TASK TO COMPLETE: Your answer must be an exact copy of the lines from the one containing "Building Photo - 2BD/1BA" through the last line of the records below, with no pictures; please include nothing else.

Records from a collection
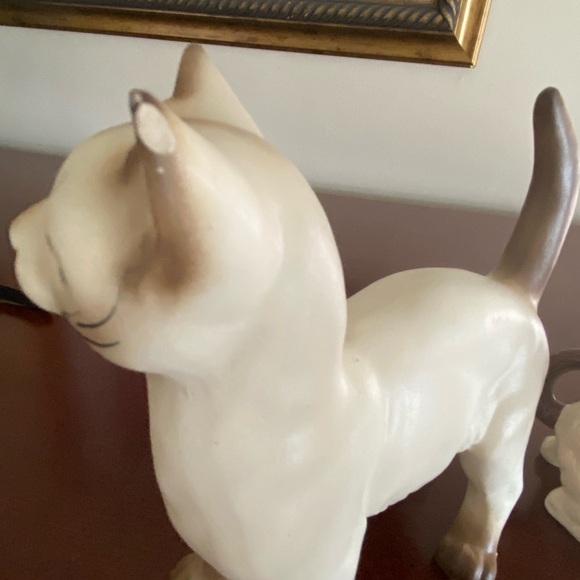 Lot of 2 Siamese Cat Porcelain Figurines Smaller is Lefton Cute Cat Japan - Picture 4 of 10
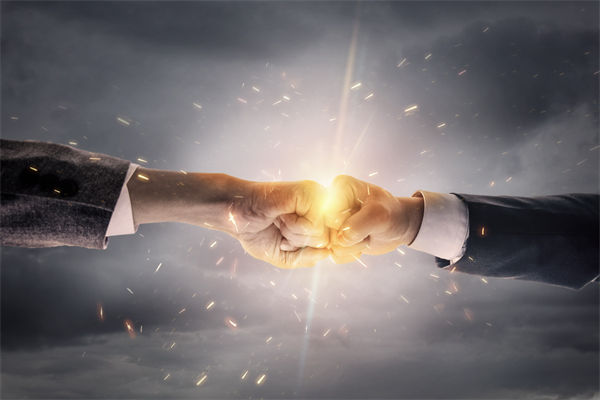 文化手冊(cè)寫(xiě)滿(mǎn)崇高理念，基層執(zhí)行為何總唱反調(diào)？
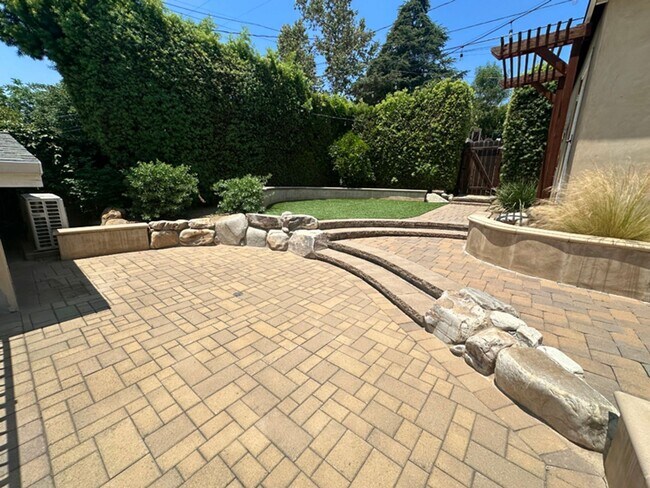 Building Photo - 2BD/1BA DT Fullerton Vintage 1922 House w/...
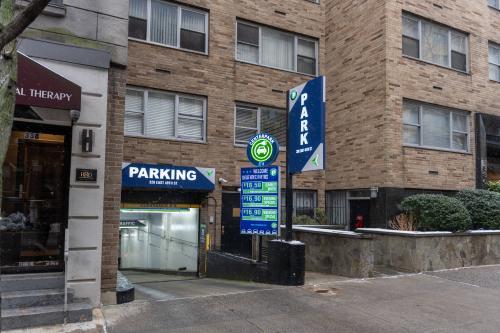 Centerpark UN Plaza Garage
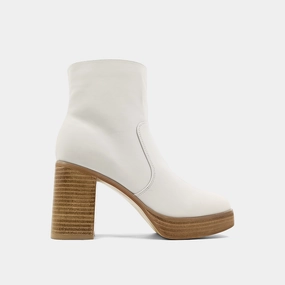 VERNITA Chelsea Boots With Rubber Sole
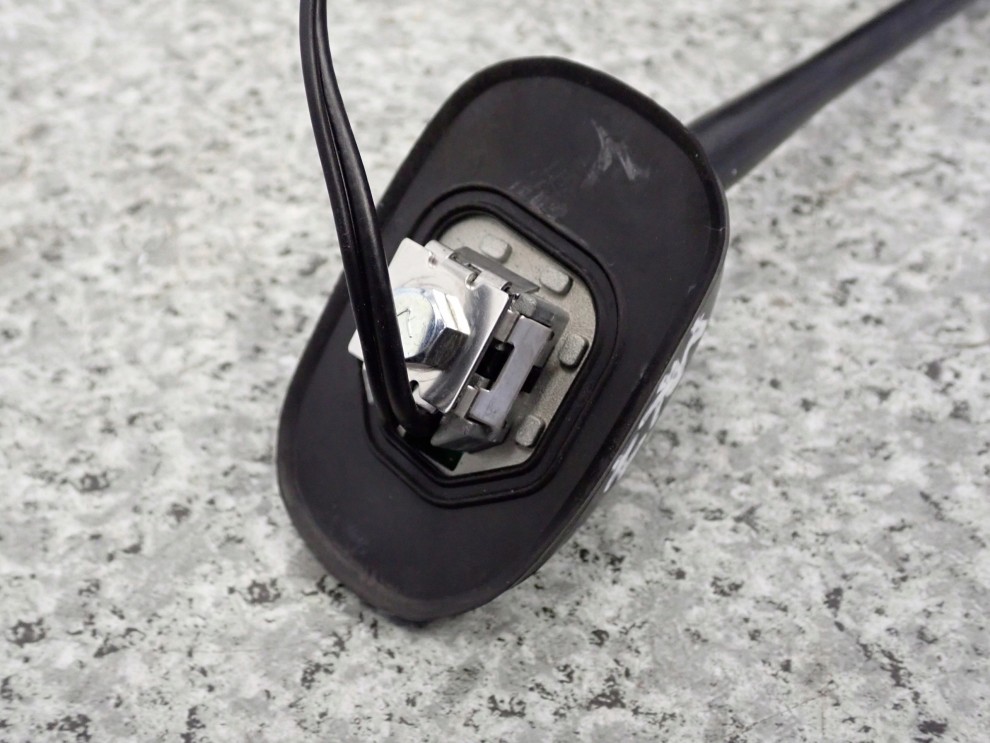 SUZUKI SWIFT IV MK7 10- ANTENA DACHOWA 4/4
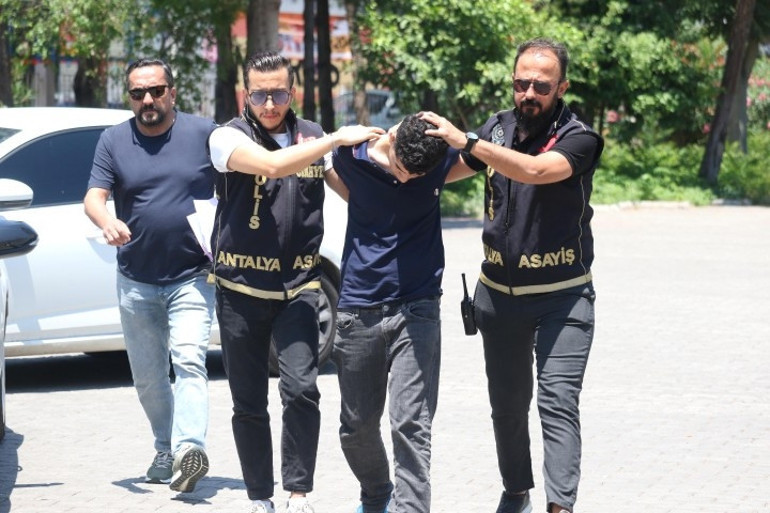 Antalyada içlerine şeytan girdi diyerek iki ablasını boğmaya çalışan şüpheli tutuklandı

RESULT:
 Building Photo - 2BD/1BA DT Fullerton Vintage 1922 House w/...
 Centerpark UN Plaza Garage
 VERNITA Chelsea Boots With Rubber Sole
 SUZUKI SWIFT IV MK7 10- ANTENA DACHOWA 4/4
 Antalyada içlerine şeytan girdi diyerek iki ablasını boğmaya çalışan şüpheli tutuklandı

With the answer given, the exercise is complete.